US 11,756,097 B2
Methods and apparatus for automatically detecting data attacks using machine learning processes
Kannan Achan, Saratoga, CA (US); Durga Deepthi Singh Sharma, Bangalore (IN); Behzad Shahrasbi, Santa Clara, CA (US); Saurabh Agrawal, Bangalore (IN); Venugopal Mani, Sunnyvale, CA (US); Soumya Wadhwa, Sunnyvale, CA (US); Kamiya Motwani, Madhya Pradesh (IN); Evren Korpeoglu, San Jose, CA (US); and Sushant Kumar, Sunnyvale, CA (US)
Assigned to Walmart Apollo, LLC, Bentonville, AR (US)
Filed by Walmart Apollo, LLC, Bentonville, AR (US)
Filed on Jan. 5, 2021, as Appl. No. 17/141,794.

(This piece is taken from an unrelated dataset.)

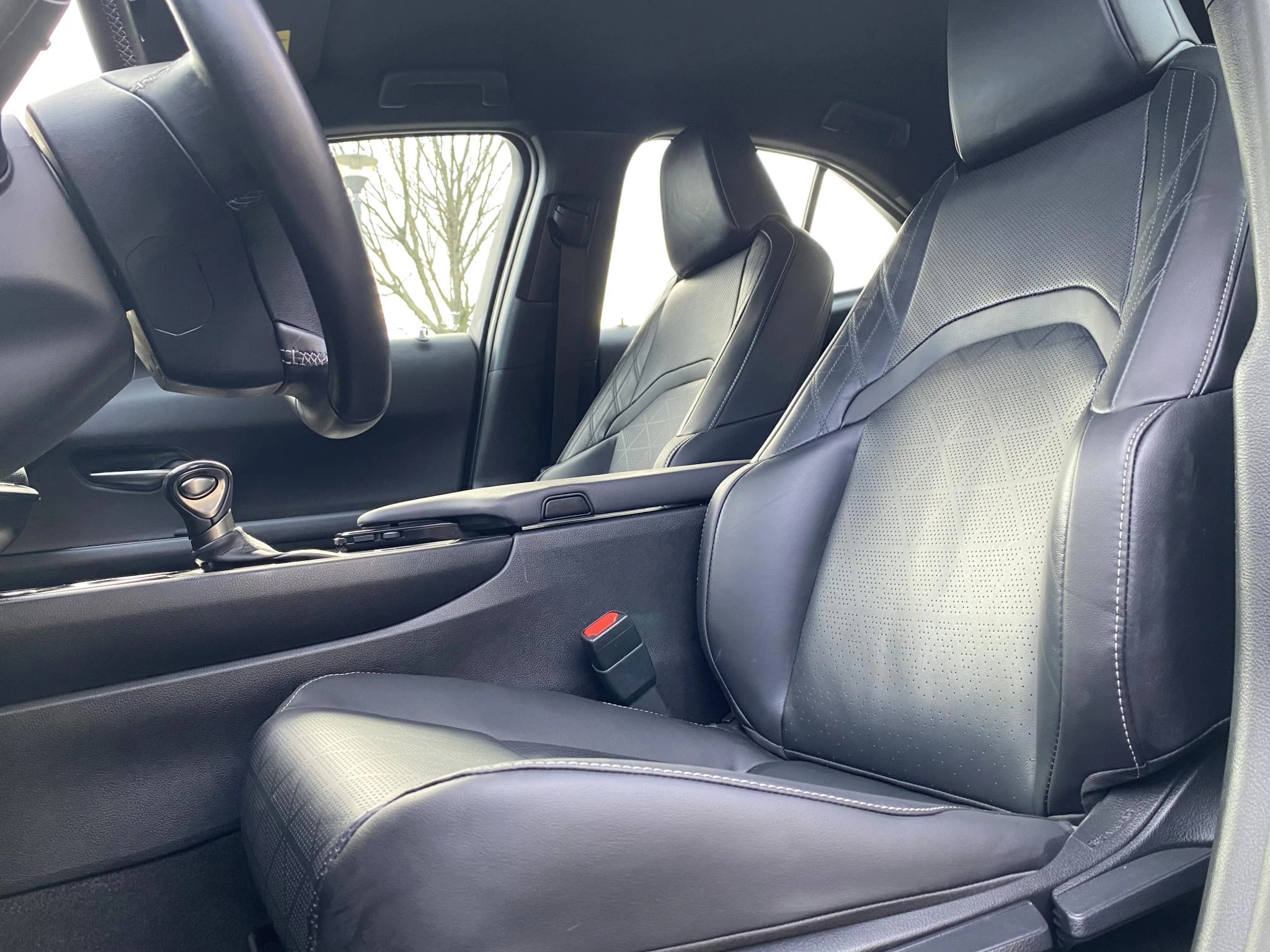 Hoofdafbeelding Lexus UX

Prior Publication US 2022/0215453 A1, Jul. 7, 2022
Int. Cl. G06Q 30/00 (2023.01); G06Q 30/0601 (2023.01); G06F 21/62 (2013.01); G06F 18/214 (2023.01); G06N 3/044 (2023.01)

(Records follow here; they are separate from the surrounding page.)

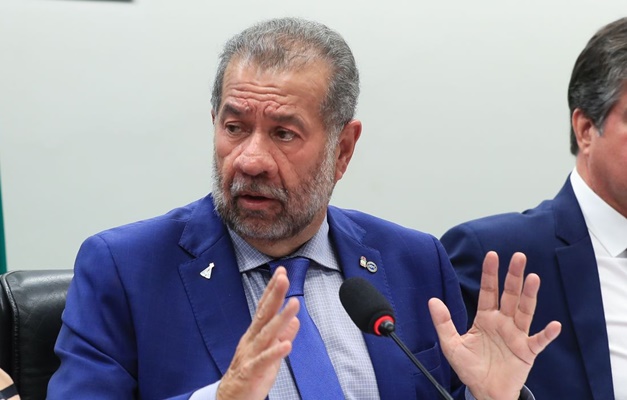 Lupi diz que 'agiu a tempo' diante de denúncias no INSS, demitiu diretor e instalou apuração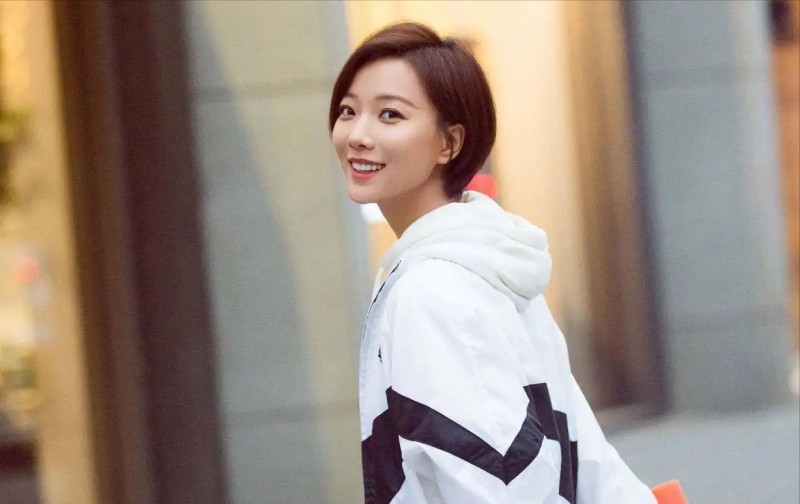 白百何王珞丹的关系(王珞丹和白百何长相相同)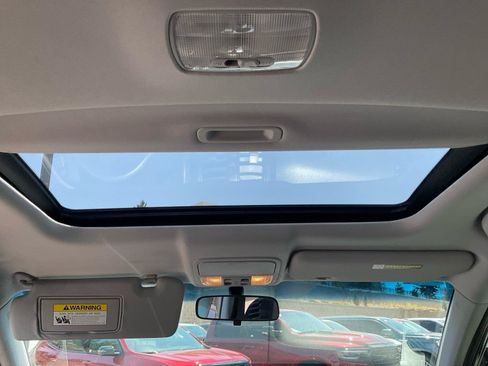 Used 2010 Honda CR-V EX image 16
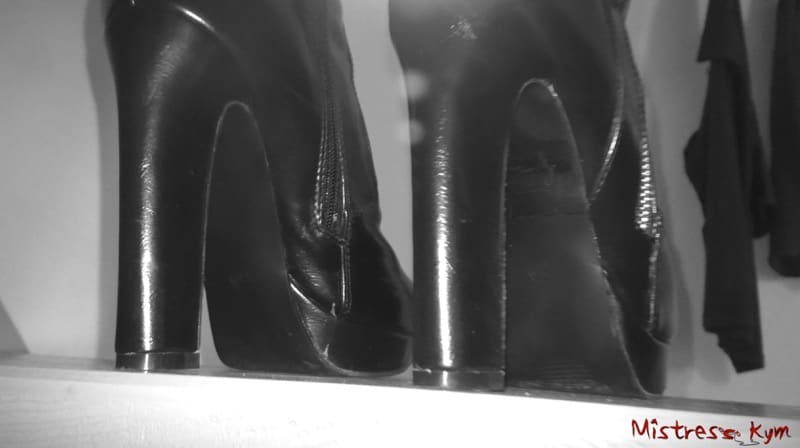 黒のハイヒールブーツ 133mk2019 THUMB mistress high heels
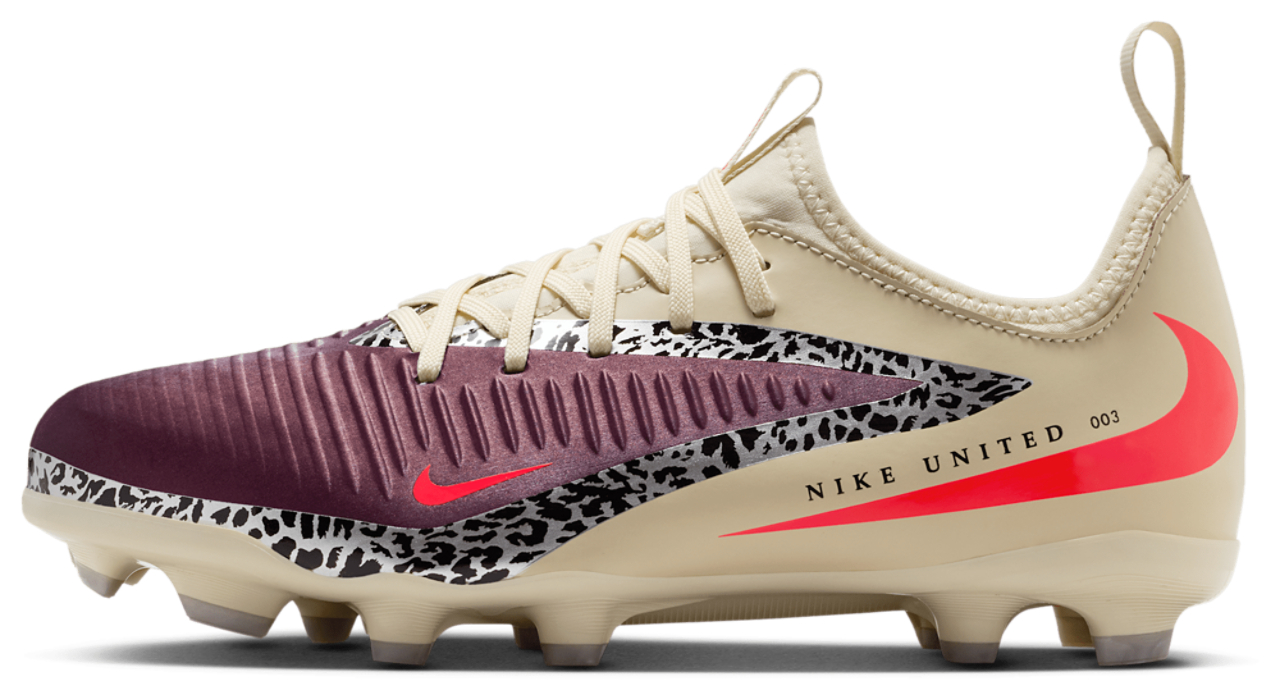 Nike Phantom 6 Low Academy FG/MG Image 2 of 5. Tap to open photo gallery.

CPC G06Q 30/0631 (2013.01) [G06F 18/214 (2023.01); G06F 21/6218 (2013.01); G06N 3/044 (2023.01)] 20 Claims
OG exemplary drawing
 
1. A system comprising: a computing device configured to:
determine a first portion of aggregated user session data for a plurality of users based on at least one rule, wherein the first portion includes user sessions for users that have at least a minimum level of interaction with a corresponding website;
generate a session dataset based on the determined first portion of the aggregated user session data;
train a machine learning model based on the session dataset;
receive user session data for a user from a server, wherein the user session data is aggregated with the session dataset;
apply the trained machine learning model to the user session data to generate output data, the output data including a first value associated with the user session data;
compare the first value to a predetermined threshold to generate a comparison;
determine, based on the comparison, whether the user session data includes polluted data;
generate item recommendation data identifying at least one item to advertise based on the determination of whether the user session data includes polluted data;
transmit the item recommendation data to the server;
refine, based on the determination of whether the user session data includes polluted data, the machine learning model, wherein refining the machine learning model includes removing the polluted data from the aggregated session dataset;
generate loss data based on the output data, the loss data being a difference between the output data and session data within the session dataset; and
refine the machine learning model based on the loss data.